Where do you buy their stuff?


----------



## Dougmt (Nov 12, 2005)

I get it at Northwest Drywall here in NW Montana


----------



## TracyMC (Oct 15, 2008)

*Hamiltom Mud*

We have been using it for 3-4 years, my guys love it, it took them a little while to get used to after using the Beadex products but now that they have its fine. The Blue dot and Green Dot lightweights are what we use, readily available here @ BSI or GTS


----------



## mudsley (Oct 26, 2008)

Tim0282 said:


> Do any of you northern and western guys use Hamilton mud? What do you think of it?

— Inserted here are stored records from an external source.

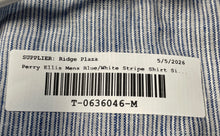 Load image into Gallery viewer, Perry Ellis Mens Blue White Striped Long Roll Tab Sleeve Button-Up Shirt Size L
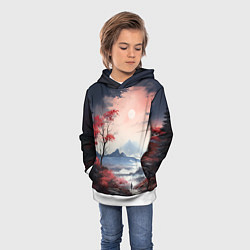 Толстовка-худи детская Луна над горами, цвет: 3D-белый — фото 2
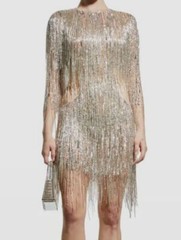 $5995 Naeem Khan Women Silver Side-Cutout Beaded Fringe Silk Mini Dress Size 10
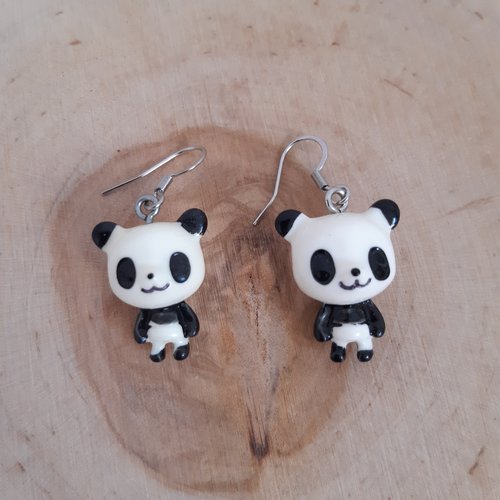 Boucles d'oreilles panda debout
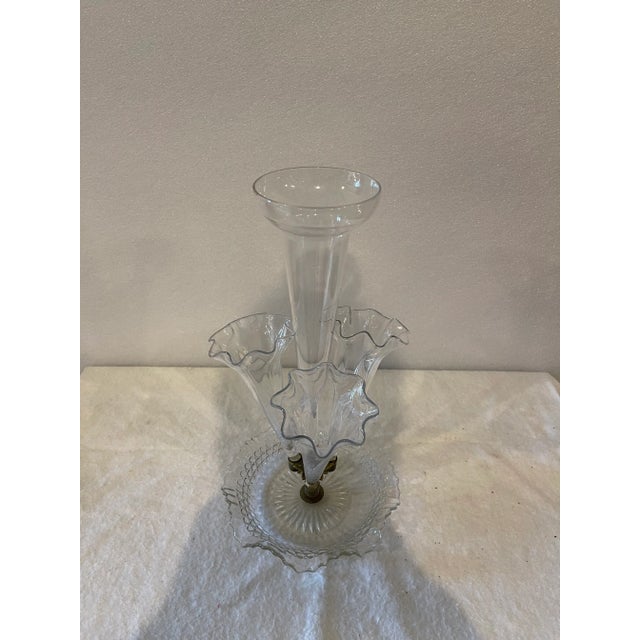 Glass Antique Victorian Clear Epergne Centerpiece For Sale - Image 7 of 7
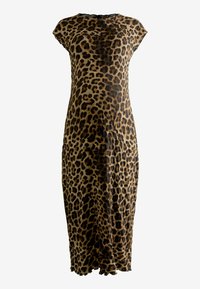 Leopardenmuster-Kleid mit kurzen Ärmeln, knielang, aus leichtem Stoff, mit schwarzen Flecken auf einem hellbraunen Hintergrund und einem gewellten Saum.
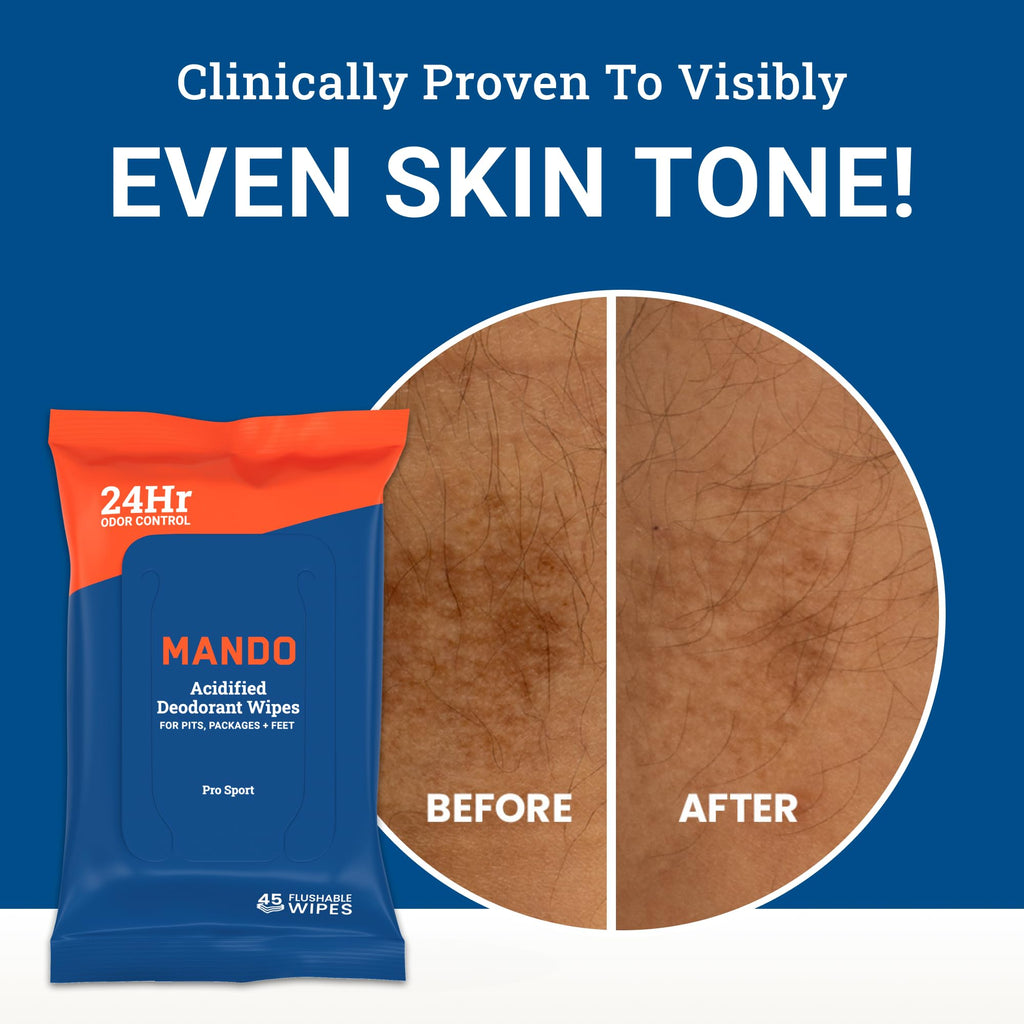 Mando Deodorant Wipes - 24 Hour Odor Control - Aluminum Free, Baking Soda Free, Skin Safe - 45 Count (2 Pack)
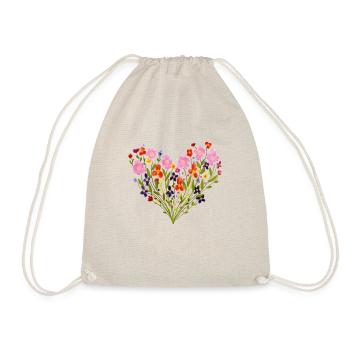 Watercolor Flower Heart - Drawstring Bag - nature - Front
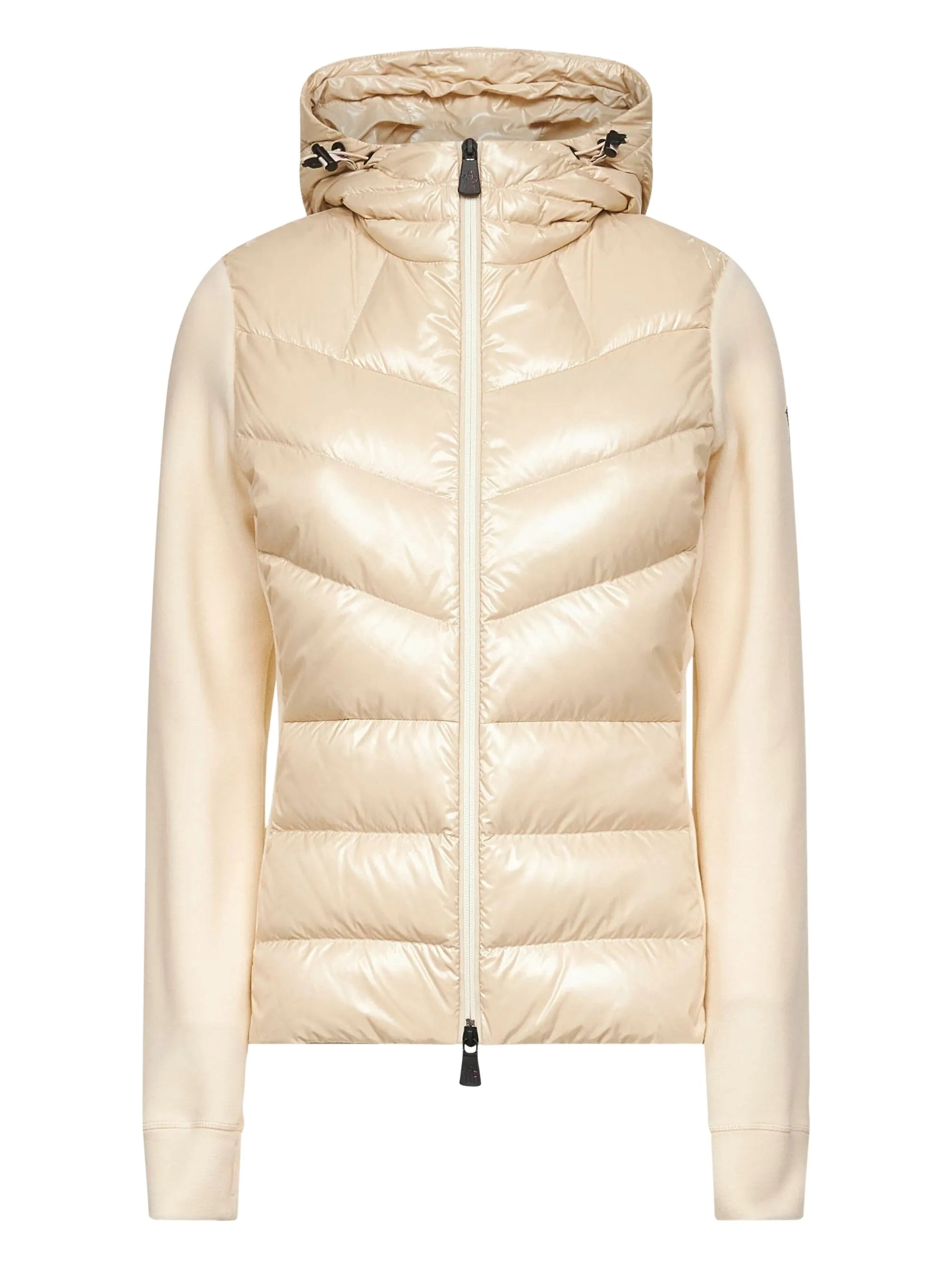 Moncler Ivory Zip-up Hooded Padded Cardigan In White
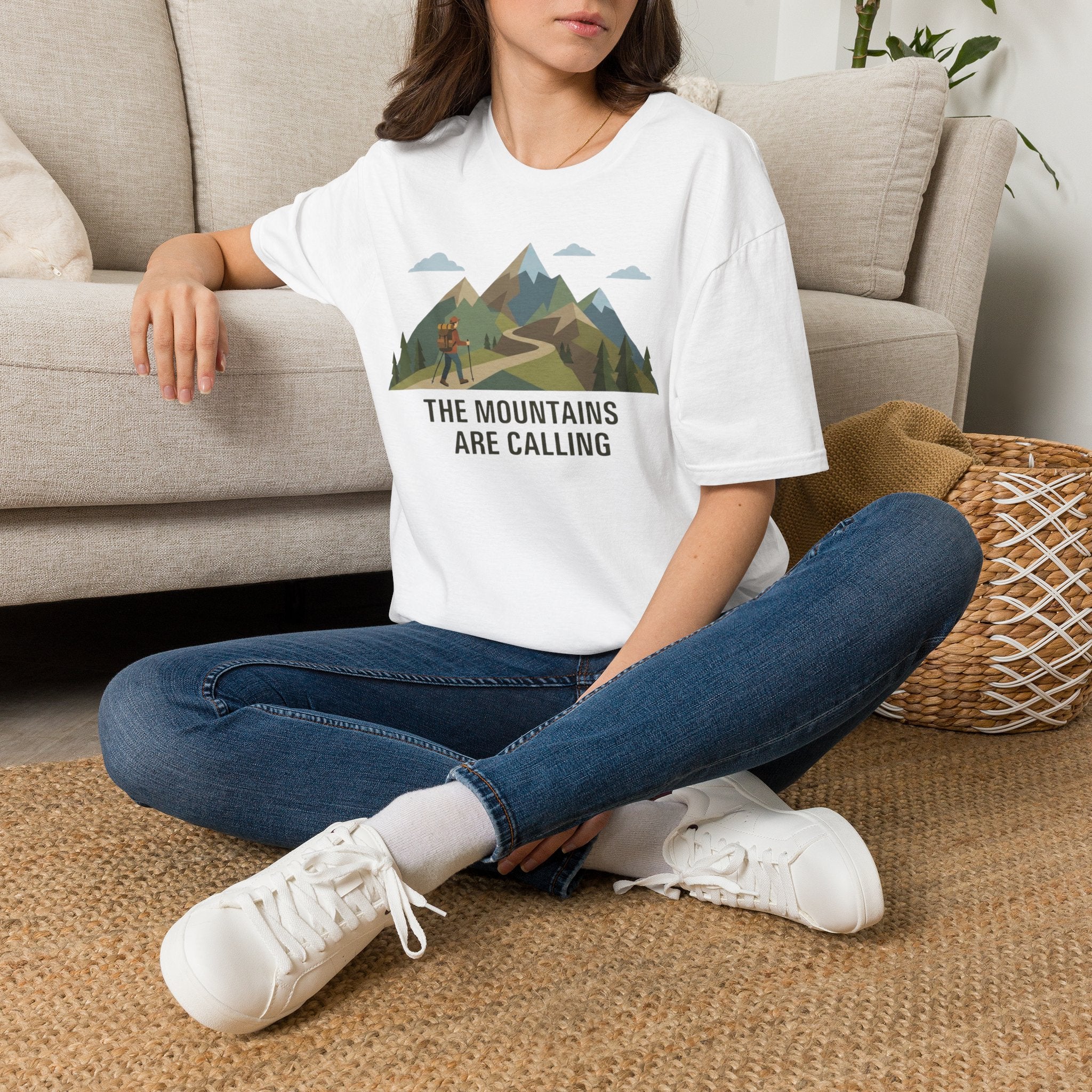 Campground Scenic T-Shirt — Minimalist Tent & Campfire Graphic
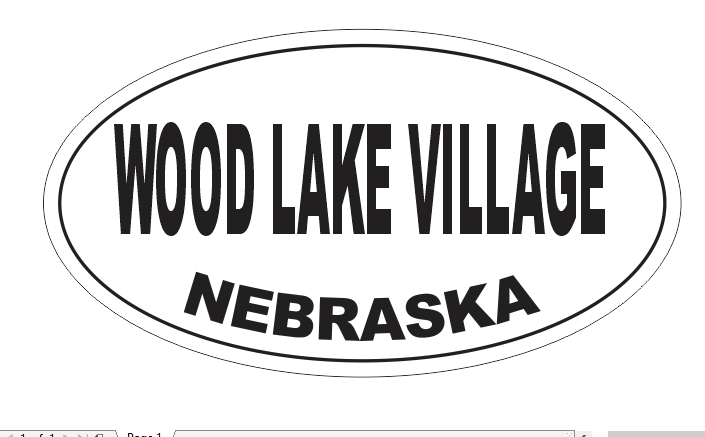 Wood Lake Village Nebraska Oval Bumper Sticker D7128 Euro Oval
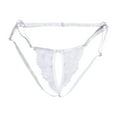 thumbnail image 4 of Elainilye Fashion Bikini Underwear for Women Sexy Thong Panties Sexy Lacy Underpants with Buttons for Controlling Length,White, 4 of 8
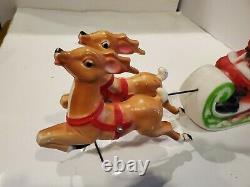 VINTAGE 1970 EMPIRE Santa Sleigh and 2 Reindeer Tabletop 24 Lighted Blow Mold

Do they still make Hamilton products? We have what used to be the Hamilton plant here in Orange,Ca. They've since switched over to West-Pac materials.

Same company?

I swear by the Medium Weight Red Dot (white box with red print), it's 1/3 lighter than the all purpose/topping and it mixes really easy. Smoothest finish mud out there:thumbsup:

Mudsley


----------



## AARC Drywall (May 11, 2008)

we are going to switch to halmiton products up here too...synko is just getting out of had for costs...i pay 17.99 a box and thats with the price increasing being held for the past year...my supplyer told me that its going up at the end on nov...to 20.86 a box....thats for yellow blue and green....that sucks...


----------



## Preacher17 (Sep 1, 2008)

AARC Drywall said:


> we are going to switch to halmiton products up here too...synko is just getting out of had for costs...i pay 17.99 a box and thats with the price increasing being held for the past year...my supplyer told me that its going up at the end on nov...to 20.86 a box....thats for yellow blue and green....that sucks...


 
ouch where paying around $15 here....


----------



## CrpntrFrk (Oct 25, 2008)

Tim0282 said:


> Do any of you northern and western guys use Hamilton mud? What do you think of it?


 
We don't see much of the Hamilton line here. Mostly USG and Murco. Every once and awhile I get my hands on Hamilton's hot mud and I love that stuff. The smoothest I have ever used!


----------